FINANCING PROJECTED SPENDING IN THE LONG RUN
July 13, 2007
If health care costs continue to grow at the same rate as the last 40 years and if income taxes are the only mechanism used to pay for the additional costs, tax rates will need to increase substantially by 2050, according to a Congressional Budget Office report released this week.
The report found:
- If the current rate of health spending growth -- 2.5 percentage points per year higher than the growth in the Gross Domestic Product (GDP) -- continues, income tax rates would need to increase from 10 percent to 26 percent in the lowest tax bracket; from 25 percent to 66 percent in the middle tax bracket; and from 35 percent to 92 percent in the highest tax bracket.
- If the cost of health care can be contained to one percentage point higher than the growth in GDP, the lowest tax bracket would need to increase to 17 percent, the middle tax bracket would need to increase to 43 percent and the highest tax bracket would need to increase to 60 percent, the report found.

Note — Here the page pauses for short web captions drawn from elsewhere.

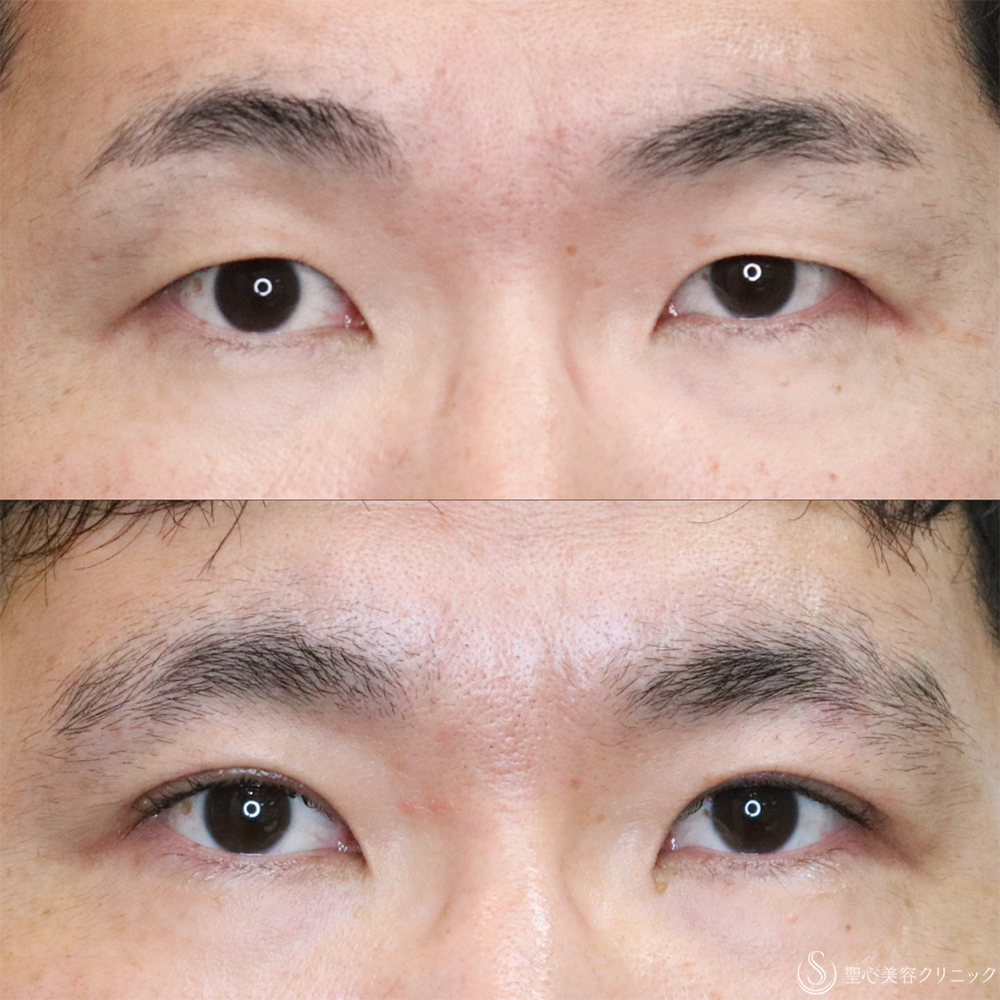 【30代男性・自然な二重に】二重全切開術＋脂肪除去（3ヶ月後） After 名古屋・脱脂・二重・ぱっちり二重・二重切開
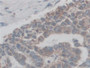 DAB staining on IHC-P; Samples: Human Liver cancer Tissue; Primary Ab: 10µg/ml Rabbit Anti-Human CF6 Antibody Second Ab: 2µg/mL HRP-Linked Caprine Anti-Rabbit IgG Polyclonal Antibody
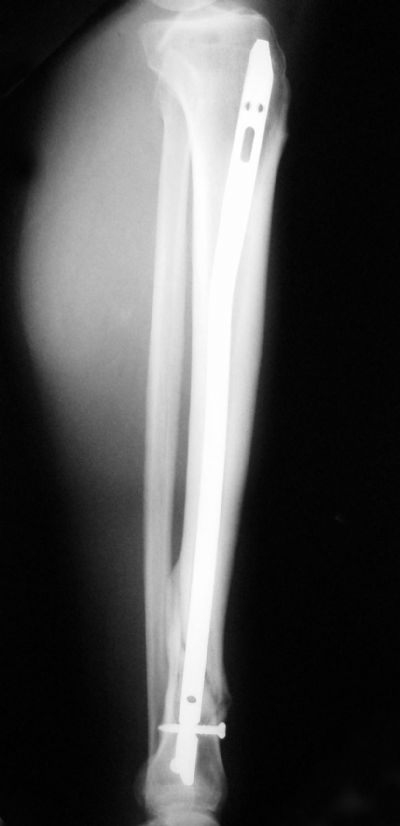 Tibia, Shaft:  Synthes Titanium Nail (Implant 230)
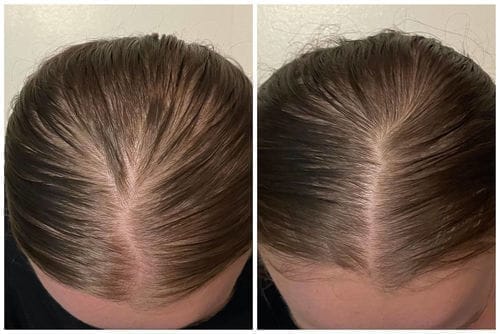 Customer photo review of SPARTAN™ - Root Activator Spray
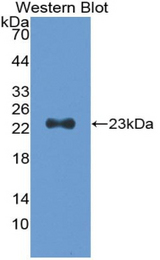 Western blot of recombinant TNNI1.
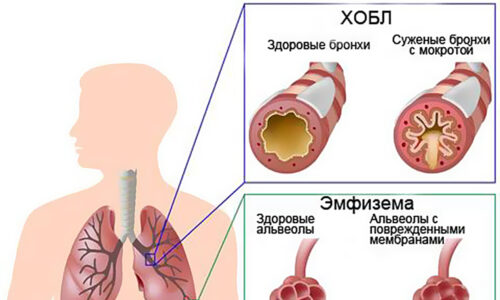 Способы лечения хобл в домашних условиях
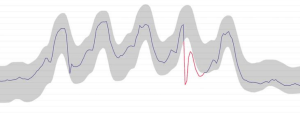 Cavisson Anomaly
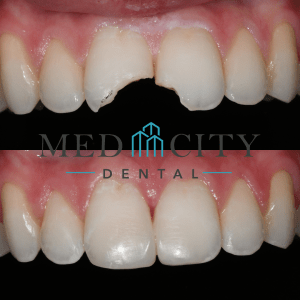 Before & After  Dental Bonding Case #1 - Smile Gallery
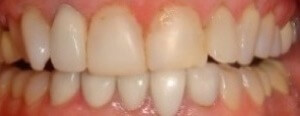 Before veneers makeover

According to the report, "Given the nature of the nation's long-term fiscal challenge, constraining the growth of federal health care costs seems a key component of reducing the deficit over the next several decades."
Source: "CBO report projects possible impact of health care spending growth on income tax rate," CQ HealthBeat/News-Medical.net, July 11, 2007; based upon: "Financing Projected Spending in the Long Run," Congressional Budget Office, July 9, 2007.